Megan’s Law

Across the street from where 7 year old Megan Kanka lived, now stands a memorial: A small angel surrounded by pink flowers. This children’s park named after the little girl, was the lot where Jesse Timmendequas the rapist and murderer who took away the little girl’s life lived. This happened in July 1994 in the Hamilton township of New Jersey.

In 1995, Timmendequas, a convicted child molester was arrested for the murder and rape of Megan in the New Jersey suburb where she lived. The offender lived right across the street from the Kanka residence, however the Police Department was prohibited from disclosing the presence of this child molester because at the time the law did not allow the release of sex offender information to the public. The law was subsequently changed to permit the release of this information to the public and in May 1996, President Clinton signed the Federal Law, dubbed “Megan’s Law” in remembrance of little Megan Kanka. This law was implemented to allow potential victims to protect themselves and allow parents to protect their children and “required the release of relevant information to protect the public from sexually violent offenders.”

The parent’s of the little girl did not know that the man who moved to the house across the street from their family was a known child molester with two previous convictions for sexual offences. Had they known this they would have been able to protect their daughter from such an untimely death.
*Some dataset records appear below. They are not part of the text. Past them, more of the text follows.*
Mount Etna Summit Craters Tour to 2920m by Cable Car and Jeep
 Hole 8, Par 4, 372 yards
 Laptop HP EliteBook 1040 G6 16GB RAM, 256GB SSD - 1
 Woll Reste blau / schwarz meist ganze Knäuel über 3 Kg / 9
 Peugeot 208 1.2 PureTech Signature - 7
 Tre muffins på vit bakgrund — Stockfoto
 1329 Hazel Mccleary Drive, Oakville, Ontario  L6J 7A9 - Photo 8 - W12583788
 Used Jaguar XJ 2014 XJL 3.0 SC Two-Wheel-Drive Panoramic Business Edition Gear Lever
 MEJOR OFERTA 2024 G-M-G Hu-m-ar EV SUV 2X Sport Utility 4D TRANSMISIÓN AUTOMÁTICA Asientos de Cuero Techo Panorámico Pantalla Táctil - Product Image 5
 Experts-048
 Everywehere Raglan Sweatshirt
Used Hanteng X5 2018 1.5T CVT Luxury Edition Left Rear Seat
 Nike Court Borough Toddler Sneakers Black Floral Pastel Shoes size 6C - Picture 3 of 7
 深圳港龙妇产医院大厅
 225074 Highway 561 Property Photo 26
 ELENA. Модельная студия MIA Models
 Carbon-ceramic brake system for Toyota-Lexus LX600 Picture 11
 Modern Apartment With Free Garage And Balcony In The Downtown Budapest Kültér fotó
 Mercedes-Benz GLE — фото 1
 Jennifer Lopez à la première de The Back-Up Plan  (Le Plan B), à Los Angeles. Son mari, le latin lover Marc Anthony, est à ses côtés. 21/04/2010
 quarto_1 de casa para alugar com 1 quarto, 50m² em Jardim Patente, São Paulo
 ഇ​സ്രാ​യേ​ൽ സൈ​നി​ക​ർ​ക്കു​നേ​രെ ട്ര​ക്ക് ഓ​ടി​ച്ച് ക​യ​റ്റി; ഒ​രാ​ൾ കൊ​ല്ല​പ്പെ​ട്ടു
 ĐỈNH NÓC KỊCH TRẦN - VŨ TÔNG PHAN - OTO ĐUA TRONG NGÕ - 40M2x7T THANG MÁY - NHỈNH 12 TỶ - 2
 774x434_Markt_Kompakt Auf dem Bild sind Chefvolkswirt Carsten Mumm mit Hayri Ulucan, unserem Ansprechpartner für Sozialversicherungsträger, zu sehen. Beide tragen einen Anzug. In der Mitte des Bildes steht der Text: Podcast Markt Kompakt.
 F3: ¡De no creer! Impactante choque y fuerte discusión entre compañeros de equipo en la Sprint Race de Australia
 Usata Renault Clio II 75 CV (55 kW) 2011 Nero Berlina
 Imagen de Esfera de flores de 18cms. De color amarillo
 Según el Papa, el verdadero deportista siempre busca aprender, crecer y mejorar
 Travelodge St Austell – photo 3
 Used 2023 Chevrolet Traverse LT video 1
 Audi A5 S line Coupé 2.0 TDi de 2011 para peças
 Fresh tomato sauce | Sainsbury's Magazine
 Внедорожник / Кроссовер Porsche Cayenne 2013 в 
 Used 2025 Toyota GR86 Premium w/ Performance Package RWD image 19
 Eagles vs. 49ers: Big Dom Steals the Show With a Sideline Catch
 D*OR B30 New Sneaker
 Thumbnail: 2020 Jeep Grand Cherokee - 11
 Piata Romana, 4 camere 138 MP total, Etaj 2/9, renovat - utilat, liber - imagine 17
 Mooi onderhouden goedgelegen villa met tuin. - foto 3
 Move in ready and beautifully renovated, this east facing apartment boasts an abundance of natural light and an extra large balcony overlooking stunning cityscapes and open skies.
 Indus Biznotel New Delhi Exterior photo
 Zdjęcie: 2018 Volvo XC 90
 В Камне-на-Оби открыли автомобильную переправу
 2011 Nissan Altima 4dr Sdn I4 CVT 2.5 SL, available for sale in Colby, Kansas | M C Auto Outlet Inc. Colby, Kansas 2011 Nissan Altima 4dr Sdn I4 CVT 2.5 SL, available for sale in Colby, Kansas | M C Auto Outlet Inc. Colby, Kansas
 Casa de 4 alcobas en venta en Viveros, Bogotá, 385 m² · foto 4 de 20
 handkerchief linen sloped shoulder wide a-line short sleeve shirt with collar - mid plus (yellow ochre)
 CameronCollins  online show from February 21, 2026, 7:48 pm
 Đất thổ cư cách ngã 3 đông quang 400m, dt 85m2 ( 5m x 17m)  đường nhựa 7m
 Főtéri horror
Versions of “Megan’s Law” were passed in Georgia and other states. In all 50 states, a paroled sex offender must register his residency with local authorities, and all but five states require some form of notification when a convicted sex offender moves into a neighborhood.

The law takes different forms in different states.

In Louisiana, the public has complete access to information on offenders and their movements. One company offers email alerts to families warning of sex offenders moving to homes near them.

In Washington, law enforcement officers can call at every house in the neighborhood to warn people about an offender moving in. Sex offenders in Oregon can be forced to display a sign in their windows.

Under Megan’s Law, convicted sex offenders are required to register with their local Sheriff Department. The Sheriff Department maintains a yearly registration for the duration of the period the person is mandated to register.